Furthermore, since Jena can handle input ontologies in OWL (the default), and RDFS, it is necessary to be able to specify which language is being processed. This will affect both the parsing of the input documents, and the language profile selected for the constants in the generated Java class.

Command line --owl
Config file <sgen:owl rdf:datatype="&xsd;boolean">true</sgen:owl>
Command line --rdfs
Config file <sgen:rdfs rdf:datatype="&xsd;boolean">true</sgen:owl>

Prior to Jena 2.2, schemagen used a Jena model to load the input document that also applied some rules of inference to the input data. So, for example, a resource that is mentioned as the owl:range of a property can be inferred to be rdf:type owl:Class, and hence listed in the class constants in the generated Java class, even if that fact is not directly asserted in the input model. From Jena 2.2 onwards, this option is now off by default. If correct handling of an input document by schemagen requires the use of inference rules, this must be specified by the inference option.

Command line --inference
Config file <sgen:inference rdf:datatype="&xsd;boolean">true</sgen:owl>

Specifying the Java package

Command line --package <*package-name*>
Config file <sgen:package rdf:datatype="&xsd;string">*package-name*</sgen:package>

By default, the Java class generated by schemagen will not be in a Java package. Set the package configuration option to specify the Java package name. Change from Jena 2.6.4-SNAPSHOT onwards: Setting the package name will affect the directory into which the generated class will be written: directories will be appended to the output directory to match the Java package.

Additional decorations on the main class declaration

Command line --classdec <*class-declaration*>
Config file <sgen:classdec rdf:datatype="&xsd;string">*class-declaration*</sgen:classdec>

In some applications, it may be convenient to add additional information to the declaration of the Java class, for example that the class implements a given interface (such as java.lang.Serializable). Any string given as the value of the class-declaration option will be written immediately after “public class <i>ClassName</i>”.

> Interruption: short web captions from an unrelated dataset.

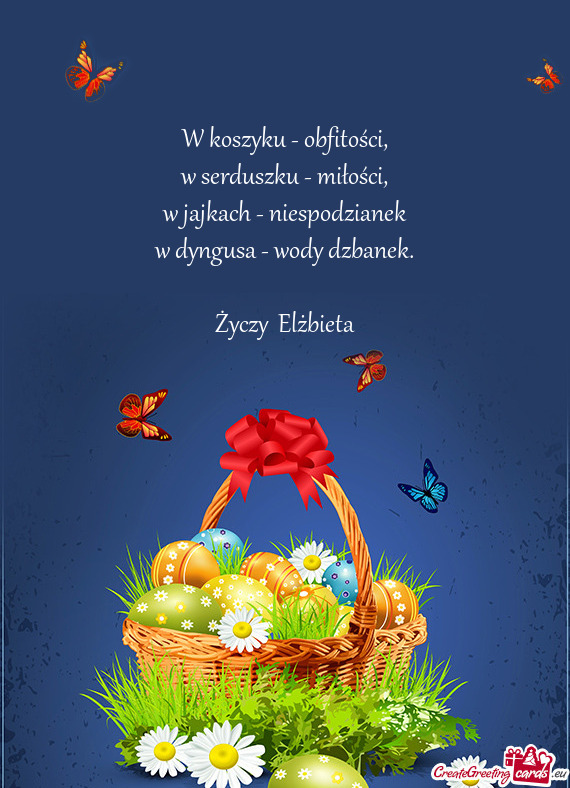 W koszyku - obfitości,  w serduszku - miłości,  w jajkach - niespodzianek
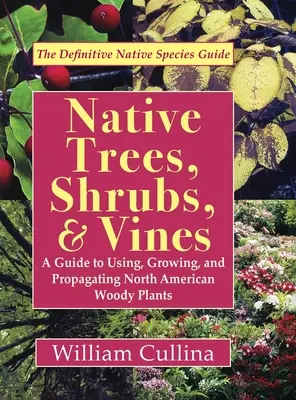 Rodzime drzewa, krzewy i winorośle: A Guide to Using, Growing, and Propagating North American Woody Plants (Najnowsze wydanie) - Native Trees, Shrubs, and Vines: A Guide to Using, Growing, and Propagating North American Woody Plants (Latest Edition)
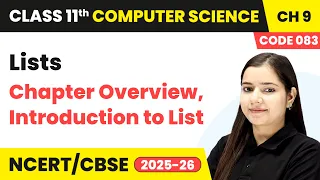 Lists - Chapter Overview Introduction to Lists Class 11 Computer Science Chapter 9 CBSE 2025-26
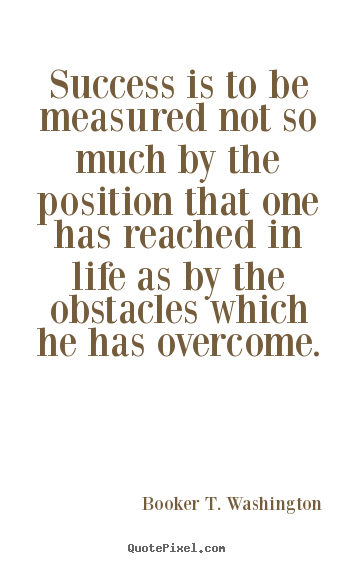Quotes about success - Success is to be measured not so much by the position that one..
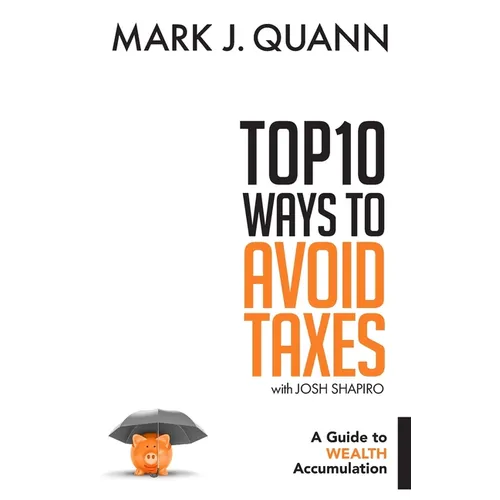 Top 10 Ways to Avoid Taxes: A Guide to Wealth Accumulation - Paperback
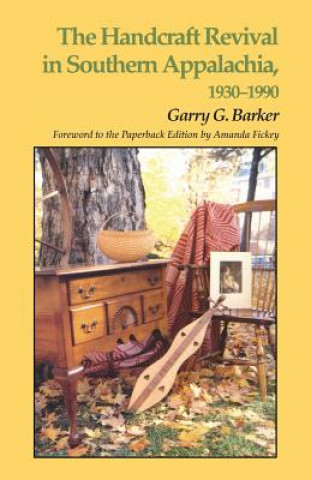 Carte Handcraft Revival Southern Appalachia Garry Barker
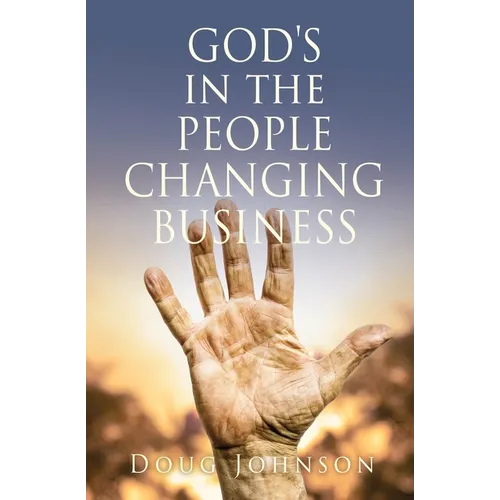 GOD'S in the PEOPLE CHANGING BUSINESS - Paperback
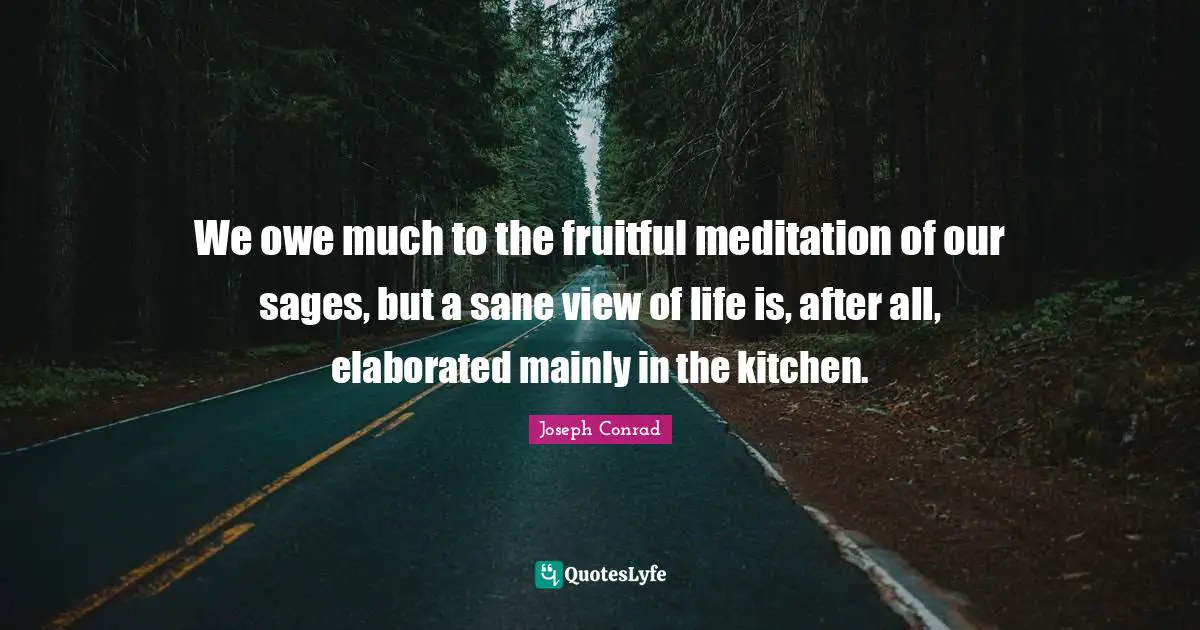We owe much to the fruitful meditation of our sages, but a sane view of life is, after all, elaborated mainly in the kitchen.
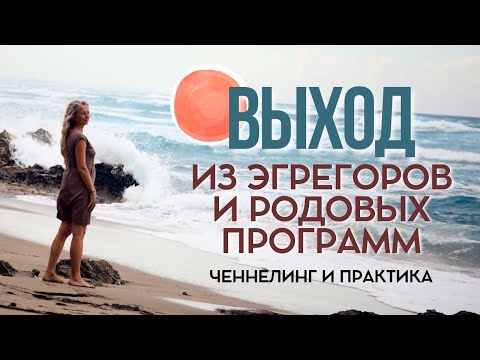 Видео: Выход из эгрегоров и родовых программ. Ченнелинг и практика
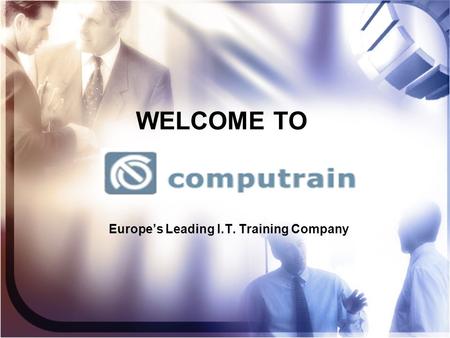 WELCOME TO Europe’s Leading I.T. Training Company.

Adding general declarations within the generated class

Command line --declarations <*declarations*>
Config file <sgen:declarations rdf:datatype="&xsd;string">*declarations*</sgen:declarations>

Some more complex vocabularies may require access to static constants, or other Java objects or factories to fully declare the constants defined by the given templates. Any text given by the declarations option will be included in the generated class after the class declaration but before the body of the declared constants. The value of the option should be fully legal Java code (though the template substitutions will be performed on the code). Although this option can be declared as a command line option, it is typically easier to specify as a value in a configuration options file.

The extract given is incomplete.